Speaking to analysts during a second-quarter financial call, Keyes said Blockbuster had drafted new revenue-sharing agreements with studios, including one with an unnamed studio that provides new releases at a $2 to $4 recoupable minimum for the studio that he said more than covered the physical cost of goods.

“It’s intended to establish more of a profit-sharing versus revenue-sharing approach,” Keyes said. “We believe this is a win-win initiative that will result in an increased number of rentals and improved profits for the studios on the backend.”

He said the “profit-share” scenario was even better with video games, in which the $4 shelf cost per title is overshadowed by $40 to $45 in cost otherwise.

“If we can overcome this artificial obstacle to inventory management, we can then fill the shelves with games like The Beatles: Rock Band, coming out Sept. 9,” Keyes said.

The CEO said the whirlwind of controversy surrounding rental kiosks revolved around charging $1 per day for new release DVDs.

“We are concerned that through the cost of production and expense of retail distribution, $1 per viewing is not a sustainable industry model,” Keyes said.

He said kiosks offered limited stock space (about 500 discs) that resulted in a dearth of new releases available to consumers.

“For a movie like The Dark Knight, we stocked 400 units per store and still ran out,” Keyes said. “It will be very difficult to ever stay in stock on hot new releases in a kiosk environment.”

He said proposed 30-day windows by Universal, Fox and Warner created a “unique vending” opportunity that the CEO said was complimentary to Blockbuster’s multichannel business model.

He said studios with the kiosk window account for about 60% of total major studio product. The windows also enhance the relationship between Blockbuster stores and its nascent Express kiosks by allowing stores to carry less expensive stock in kiosks.

“With Universal, Fox and now Warner titles, we can now be far more aggressive in filling the stores shelves with product,” he said. “After 30 to 45 days we can make use of that product in our vending channel at a substantially reduced cost of goods (about $5 vs. $15) since that product will be partially amortized. For Blockbuster that represents a pretty competitive opportunity.”

He said the new agreements would also allow Blockbuster to close more underperforming stores.

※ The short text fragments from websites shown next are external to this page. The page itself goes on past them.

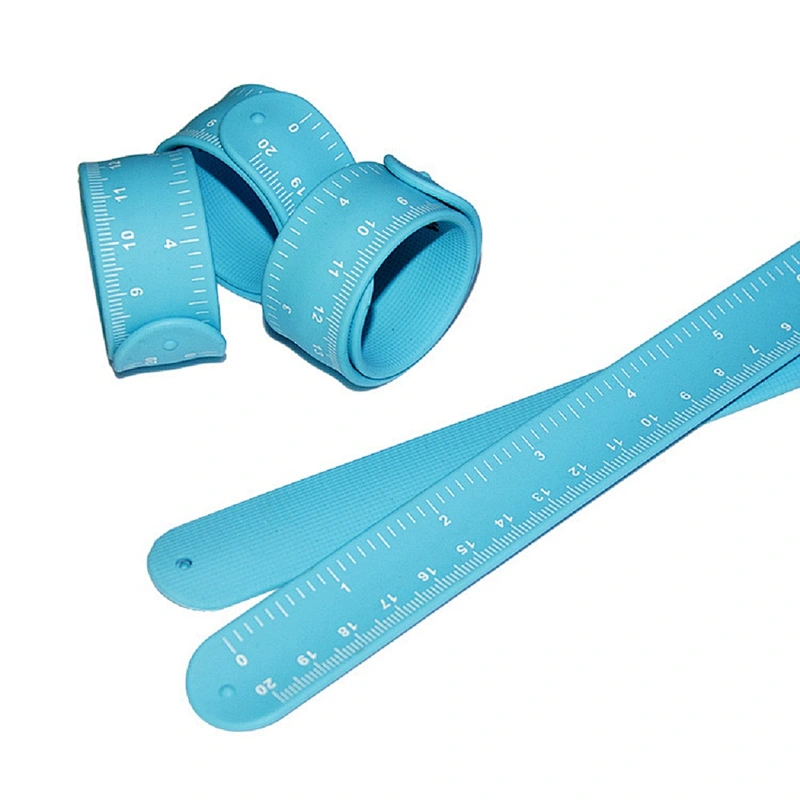 Silicone rubber slap ruler bracelet wristband for kids and office work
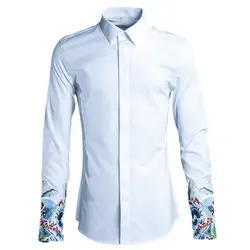Оригинальная вышивка китайский стиль Мужская рубашка тенденции моды сезон весна-лето белая рубашка мужской высокого класса повседневные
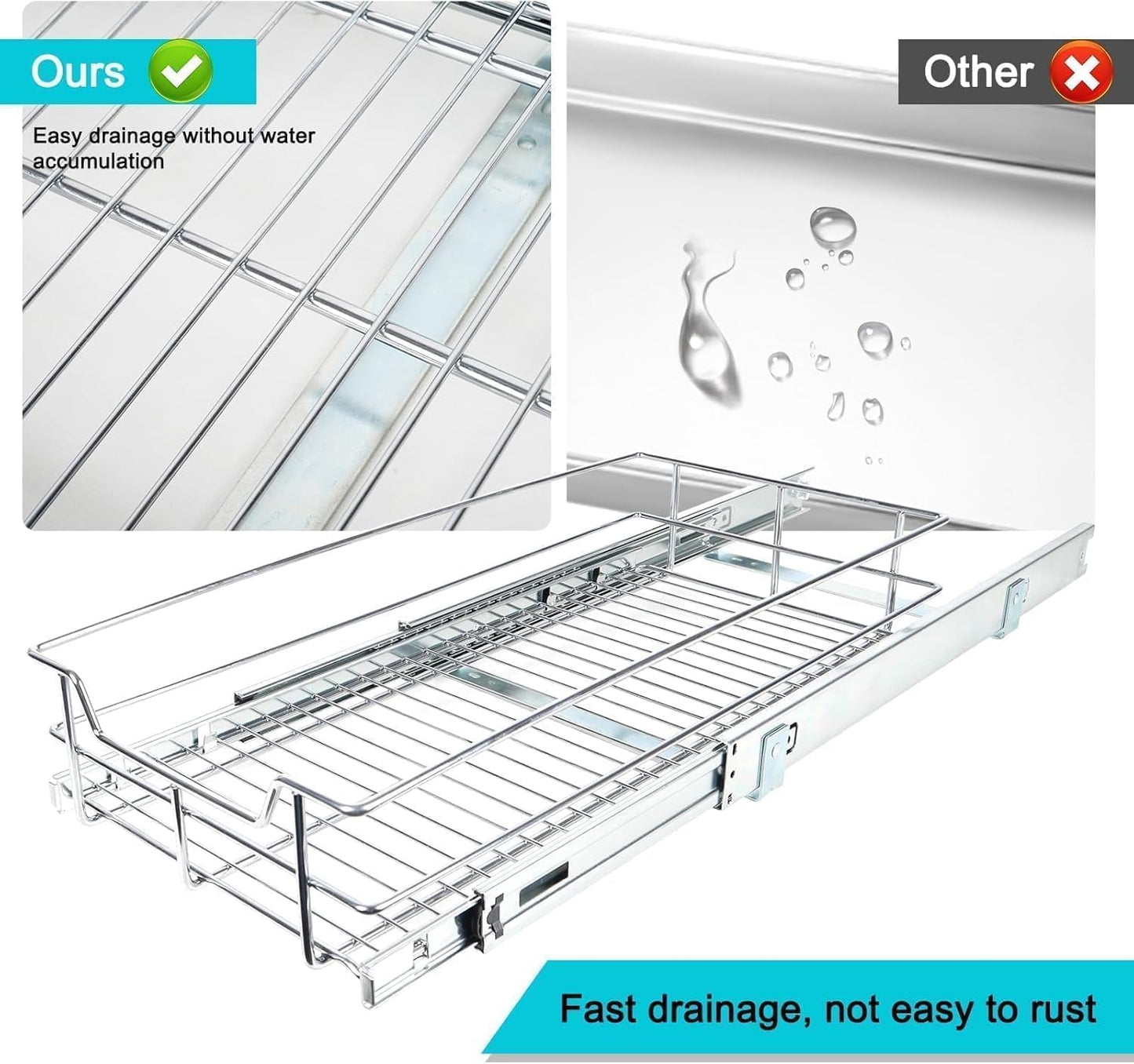 2 Tier Pull Out Cabinet Organizer 11" W X 22" D, Slide Out Drawers For Kitchen Cabinets, Pull Out Drawers For Cabinets Capacity Heavy Duty Caddy, Cabinet Pullout Shelves Chrome-Plated, Bathroom Pantry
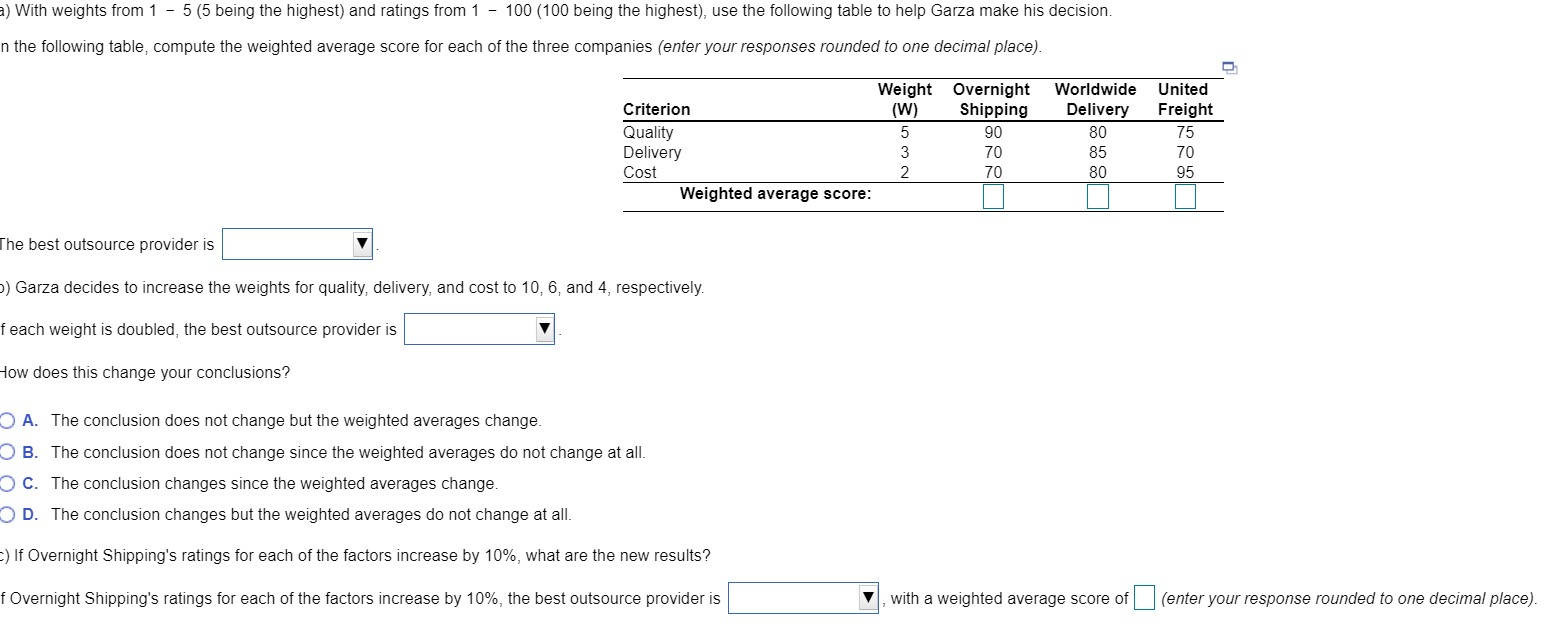a) With weights from 1 - 5 (5 being the highest)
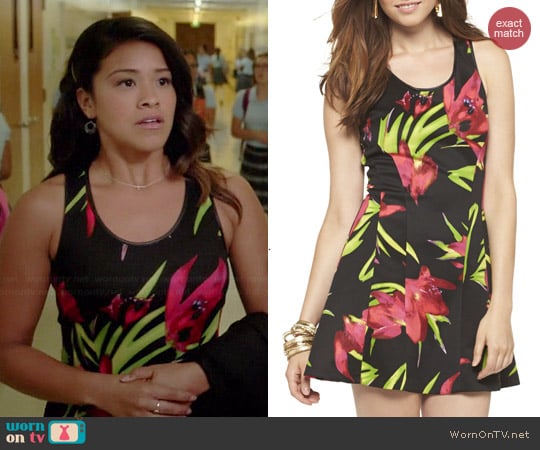 Target Multifloral Print A-Line Dress worn by Gina Rodriguez on Jane the Virgin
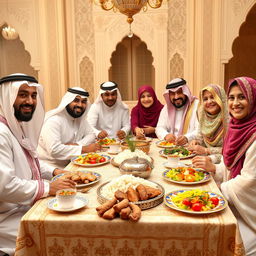 A warm and inviting scene featuring a traditional Saudi family gathered around a beautifully decorated dining table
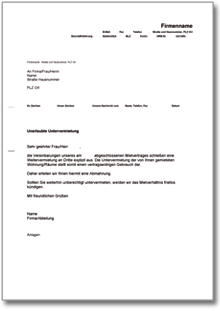 Abmahnung wegen unerlaubter Untervermietung Word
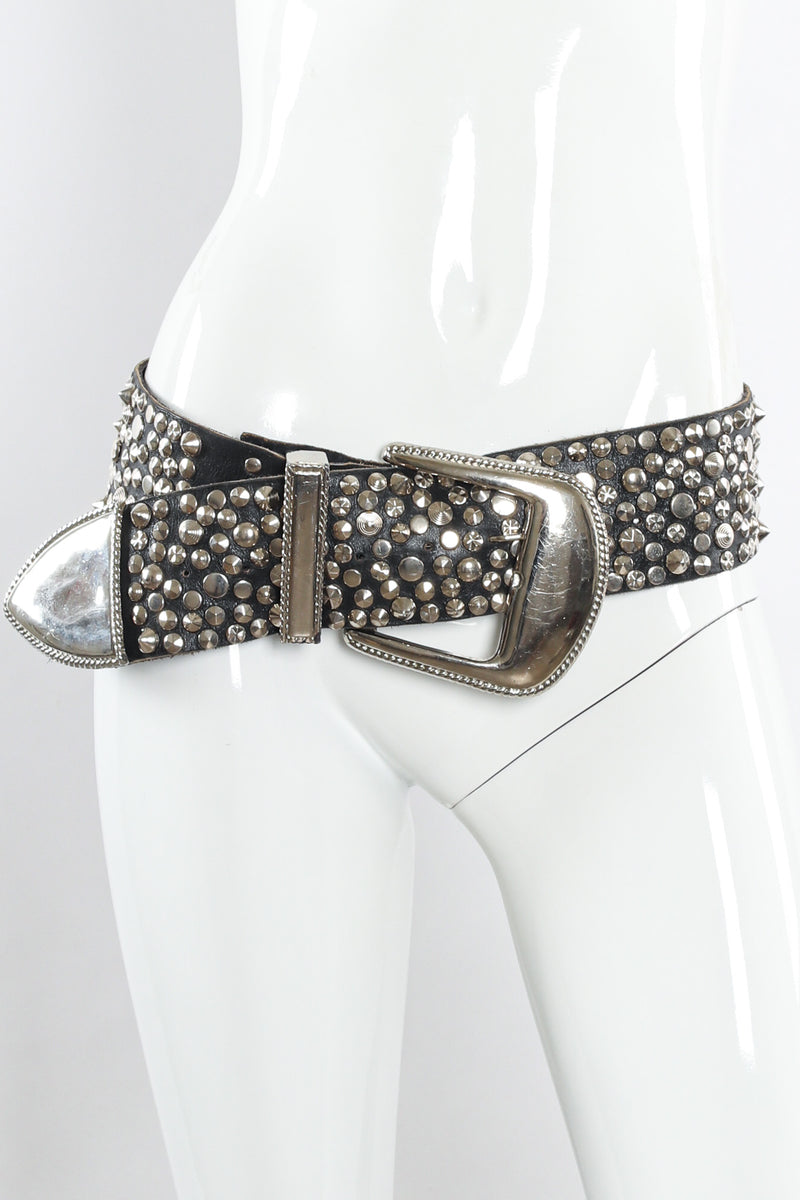 Silver studded black leather belt by Michael Morrison MX mannequin front @recessla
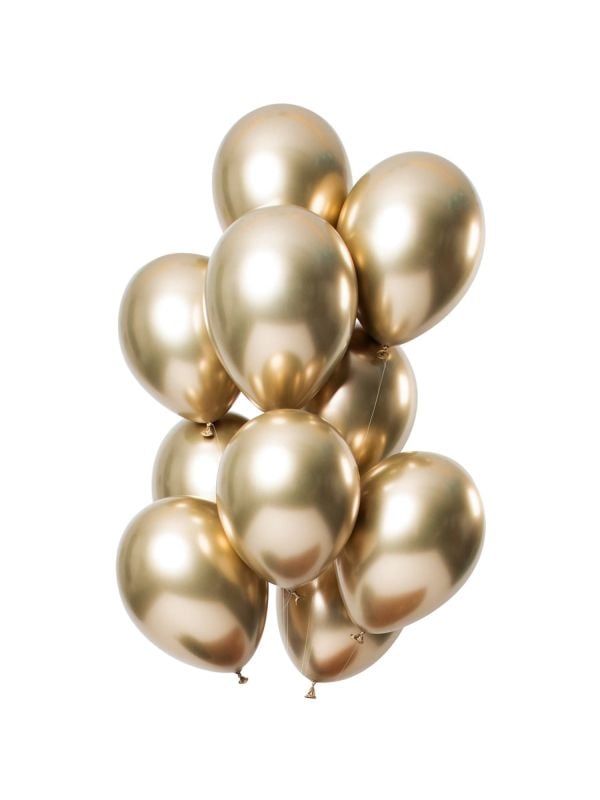 Gouden mirror effect ballonnen 12 stuks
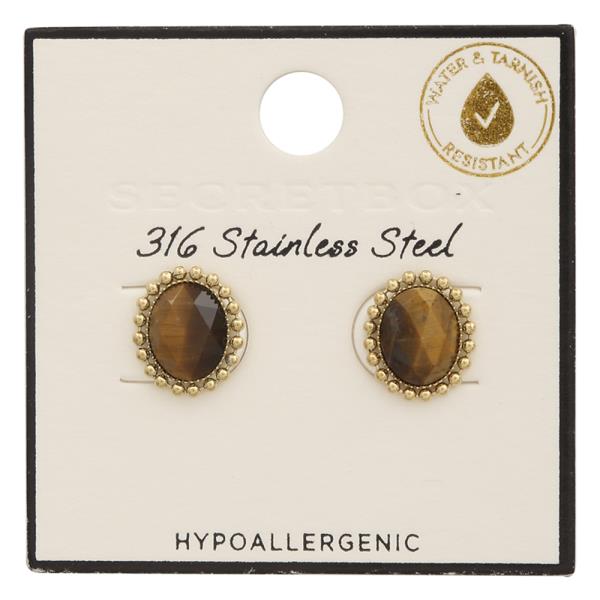 SECRET BOX Stainless Steel Oval Gem Earring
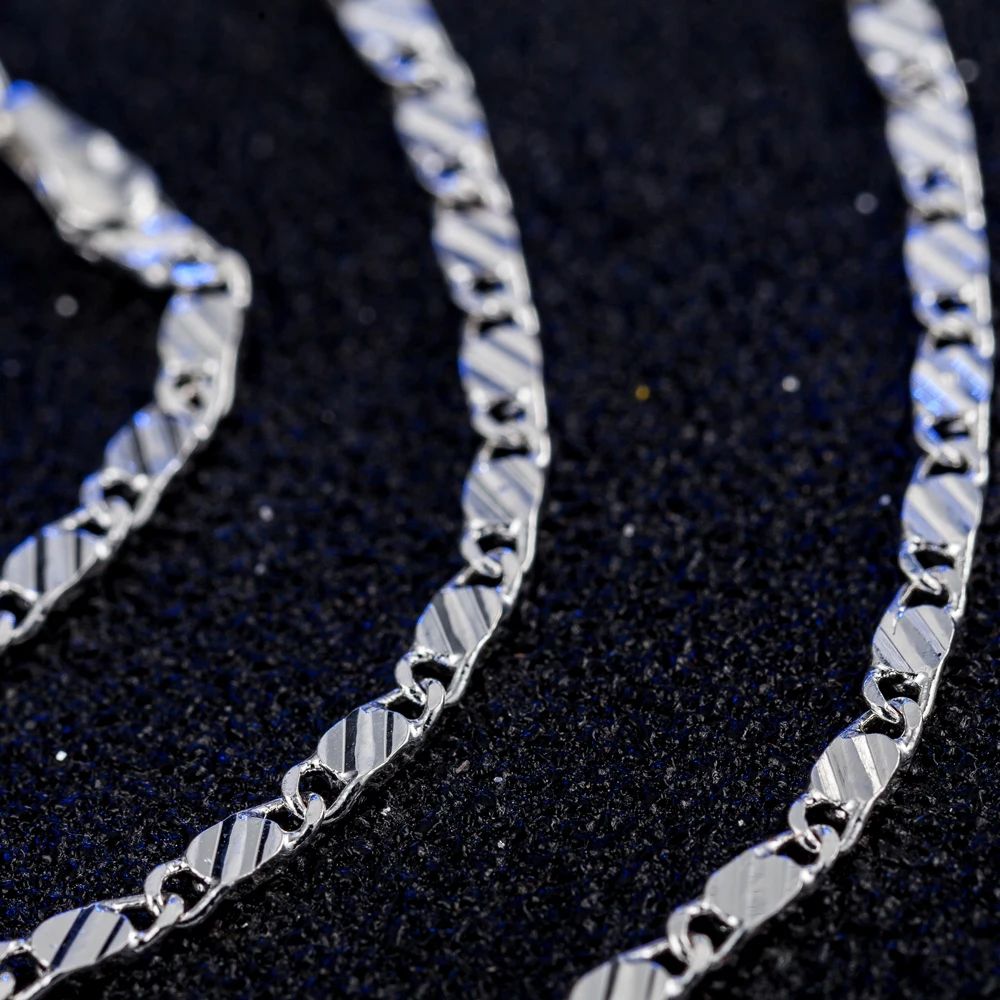 Men Women 2mm Flat Clavicle Chain Necklace S925 Sterling Silver Hypoallergenic Never Fade Multi Size 40-75cm Minimalist Fine Jewelry Gift Christmas Wedding Birthday Anniversary Wholesale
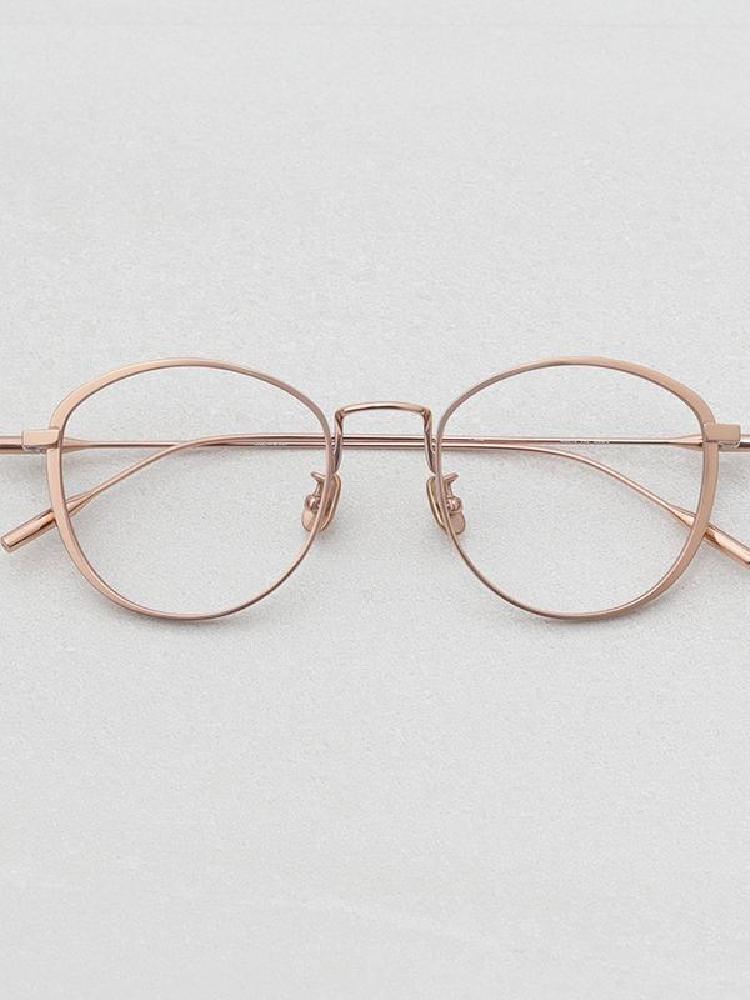 日本进口轻奢设计粉金色近视眼镜架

“This strategy will actually increase our points of presence while reducing a real estate liability,” he said.

He said Blockbuster would have about 500 Express kiosks through partner NCR Corp. by the end of August, with 2,500 installed by the end of the year and an additional 7,000 kiosks installed through August 2010.

Keyes said the Express kiosks would be “future proofed” for implementation of digital distribution via internal servers when it takes off.

He said the plethora of previously viewed product had become “a drug” within the industry (including at Blockbuster) that had artificially enhanced revenues at the expense of sellthrough.

“The studios didn’t like it, and we were overly dependent on it,” Keyes said. He said the rentailer had weaned itself from used product over the past 12 months.

Citing ongoing “trends and market dynamics” and continued “softness” in top-line performance, Blockbuster Inc. Aug. 13 reported a second-quarter (ended July 5) loss of $36.9 million, compared to a loss of $38.9 million during the previous year period.

The Dallas-based No. 1 DVD rental service said it improved earnings before EBIDTA by 30% to $32.3 million from $18.1 million last year.

As previously reported, refinancing and funding of its amended and extended credit facility resulted in more than 25% fewer units available at retail and an approximately 20% lower advertising spend. Spending on new DVD and Blu-ray releases dropped 28% and on DVD catalog and sellthrough fell 40%.

“Temporarily in the first and second quarter, we put our plans for increased [title] availability on hold,” Keyes said. “We made this change with the recognition that we were also facing new and very aggressive competition [i.e. kiosks] who are better capitalized and would likely take share from us as we pulled back.”

He said the consensus to redeploy time and resources away from stock availability had created a “perfect storm” among critics on Wall Street as well as an opportunity to expedite building of new infrastructure, including rental kiosks.

Keyes said a more “realistic” outlook, conservative expectations and the expected sale of an international asset had resulted in a modified full-year earnings guidance of from $270 million to $290 million for the second half of the year, compared to previous guidance of from $305 million to $325 million. 

Same-store sales declined 17.8% for the quarter, which included a rental comp decline of 13.3% and a retail comp decline of 38% — the latter due to reduced sales of video game hardware and software.

Additionally revenue reflected a $61.3 million negative impact from foreign currency exchange and a decrease in the company-operated store base worldwide.

Quarterly revenue dropped nearly 22% to $1.02 billion, compared to $1.3 billion last year.

“Although market dynamics remain challenging, we expect improvements during the second half of the year will be driven by a favorable title slate and increased unit availability,” Keyes said.